On the river is the Torre de Oro (“Tower of Gold”), a sort of customs house where the gold of the Indies was unloaded in the 16th century and reputed to have been clad in gilt tiles( now removed). It makes one remember that the ships that left here in the heyday of Spanish power came back with untold riches in gold and gems, but also carried to the Old World the fruits and exotica of the New. The very first potato, tomato, tobacco and castor oil plants were unloaded and grown in church gardens nearby. Now these plants have colonised the globe.
It was hard to leave Seville after 5 days of dining, sightseeing and flamenco music, but we headed west on the bus for the 70-mile trip to the border and caught the ferry to Portugal. A short 15 miles further west by local bus one reaches the fishing town of Tavira in the Algarve, the area they call the south of Portugal.
This town is a beautiful example of a southern white town, nestled on the Rio Gilao. All this area was under Moorish control until liberated by the Crusaders in 1242. One can see the Moorish influence still, in the way the local people tile their houses and the mix of Christian and Moorish styles in the local architecture.
We booked ahead and were fortunate to stay in the Tavira Inn, run by a very amiable host, Sebastion Bastas. His Inn is the best place we have stayed in for €60 a night, and he pumps the salty river water straight from the river across the road into his filtered pool. He also runs a congenial bar each night. The Inn is a short stroll from the centre of town, where a bevvy of fish restaurants seek the tourist dollar. We chose on good advice the Barquinha restaurant, on the right side of the river, where we enjoyed a meal of grilled local fish (mackerel and hake for about $8 a plate).

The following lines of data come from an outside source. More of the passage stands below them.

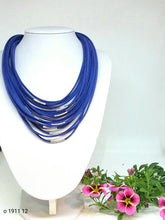 Učitajte sliku u preglednik galerije, Ogrlica  - o 1911 špaga - o 1911  String Necklace 1911
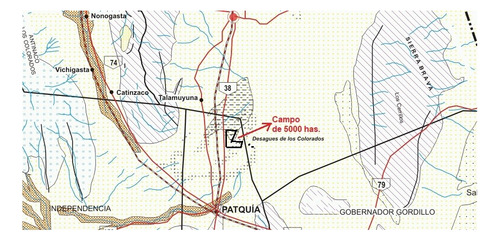Campo En Venta En Patquia, La Rioja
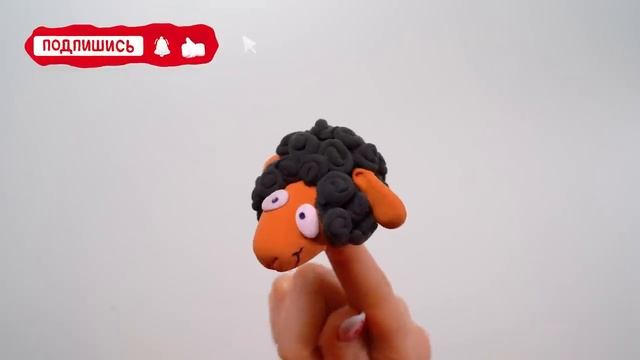 Изучаем домашних животных с детками ??Лепим животных из воздушного пластилина ?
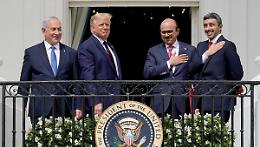 Storico accordo tra Israele, Emirati Arabi e Barhein. Trump si gioca la pace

Tavira is a tranquil place, a haven for weary travellers who want to relax along the river and seek out small pottery places on the hill. The town has its churches and a fortress with ramparts worth seeing and for gaining a panorama across the town, but for us again it was the charm of walking the small cobbled laneways and enjoying the charms to the senses of hundreds of years of public art, randomly and lovingly encrusted upon the past, with intricate tiling of doorways and facades and the beautiful 17th century curved tiled roofs called the Treasure style, where the houses have almost a Chinese pagoda style. One must remember that Vasco da Gama in the Age of Discovery for Portugal found Macau in China and then India, and he no doubt brought back this style to Portugal.
It will be on to Lisbon for a more hectic pace tomorrow; however this week in Seville and Tavira in the south of Portugal, has been characteristed by a more sedate style of life, enjoying the Moorish style of tiling as art in itself and more so the art of living in places which show the progression of architectural styles from the 12th to the 19th centuries and somehow have managed to avoid the ugliness that characterises so many modern cities. The south of Spain and Portugal is another unique world, well worth the visit, and I am glad I chose to come and meander to its relaxed pace.